Course Catalog - 2022-2023

     

COMP 652 - NATURAL LANGUAGE PROCESSING

Long Title: NATURAL LANGUAGE PROCESSING
Department: Computer Science
Grade Mode: Standard Letter
Language of Instruction: Taught in English
Course Type: Lecture
Credit Hours: 3
Restrictions:
Must be enrolled in one of the following Program(s):
Online Master of Data Science
Online Master Computer Science
Must be enrolled in one of the following Level(s):
Graduate
Prerequisite(s): COMP 614 AND COMP 642 AND COMP 680
Description: This is an introductory graduate-level course in Natural Language Processing (NLP), where students will learn the fundamental concepts of computational linguistics, probabilistic language models, neural representations of language, and text parsing. Further, the course includes several applications of these concepts for solving real-world problems, such as sentiment analysis, information extraction, question answering, and the design of chatbots.
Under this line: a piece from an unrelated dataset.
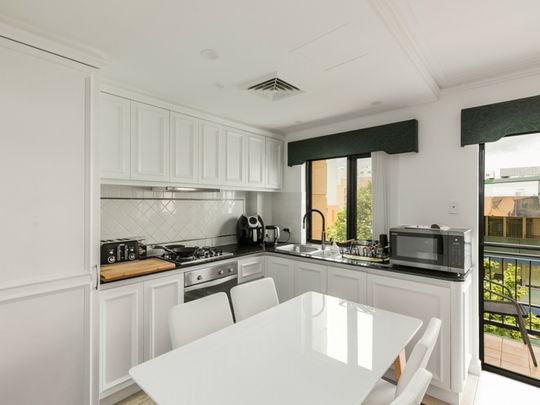 501/9 Victoria Avenue, PERTH - Photo 1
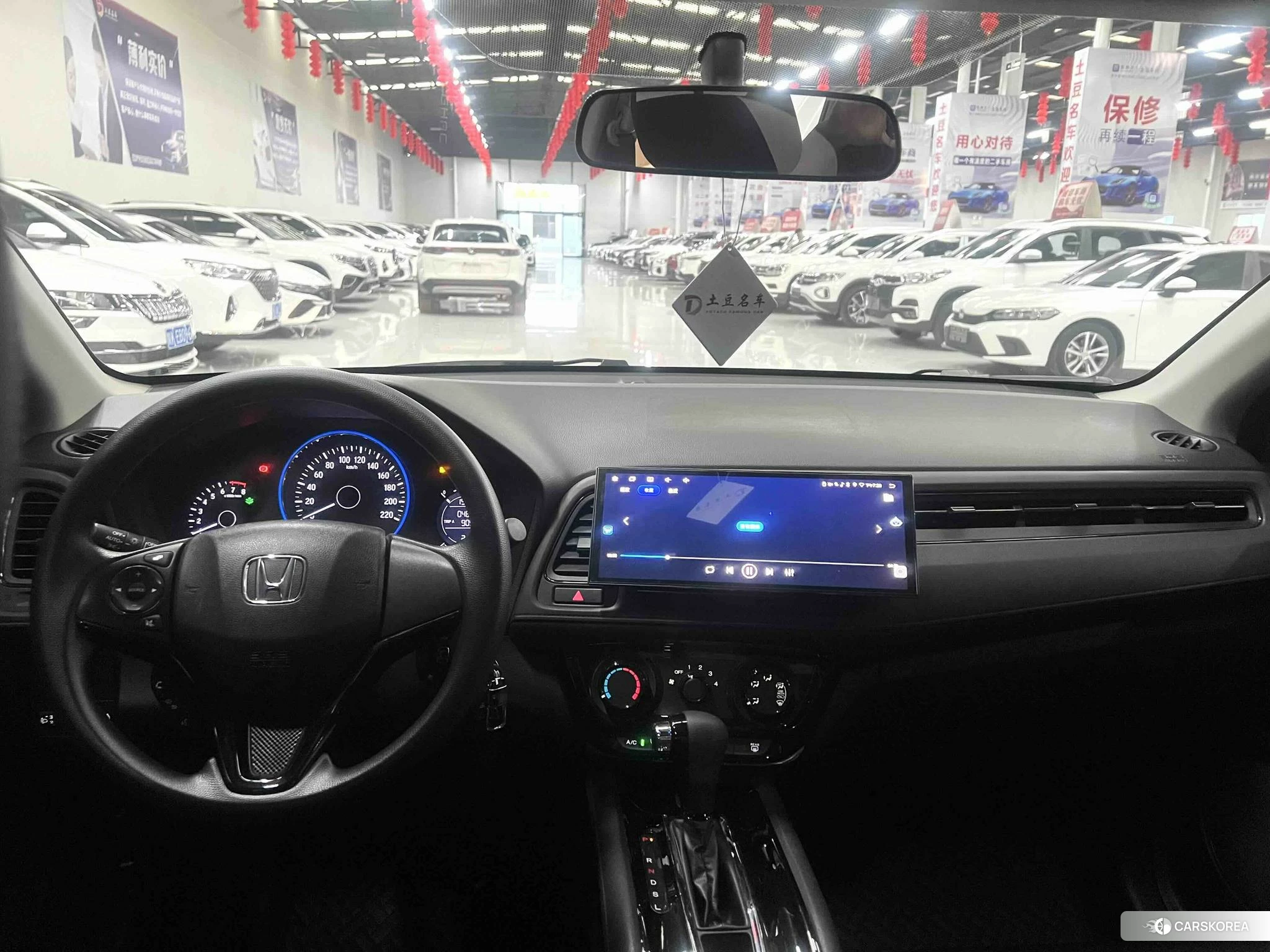 Honda Vezel 2020 Белый из Китая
Students will complete individual assignments, a literature review, and a team project designed to provide them with the exposure necessary to develop, build, design, and train NLP methods and models for different real-world tasks. In addition, relevant state-of-the-art algorithms and architectures will be discussed. Recommended Prerequisite(s): Familiarity with fundamental concepts of calculus, including partial derivatives, chain rule, total derivatives, derivatives and partial derivatives of vectors and matrices. Familiarity with fundamental concepts of probability and statistics, including probability distributions, density functions, computing probabilities, expectation, variance, multivariate distributions, random variables and multivariate random variables. Familiarity with fundamental concepts of linear algebra, such as inner products, vector spaces, vector and matrix norms, rank of a matrix, positive definite matrices, and matrix factorization, e.g., spectral decomposition and singular value decomposition. Familiarity with fundamental concepts of machine learning and optimization theory, such as loss functions, gradient descent, maximum likelihood estimation, MAP estimation, dimensionality reduction, principal component analysis, Naive Bayes algorithm, and logistic regression.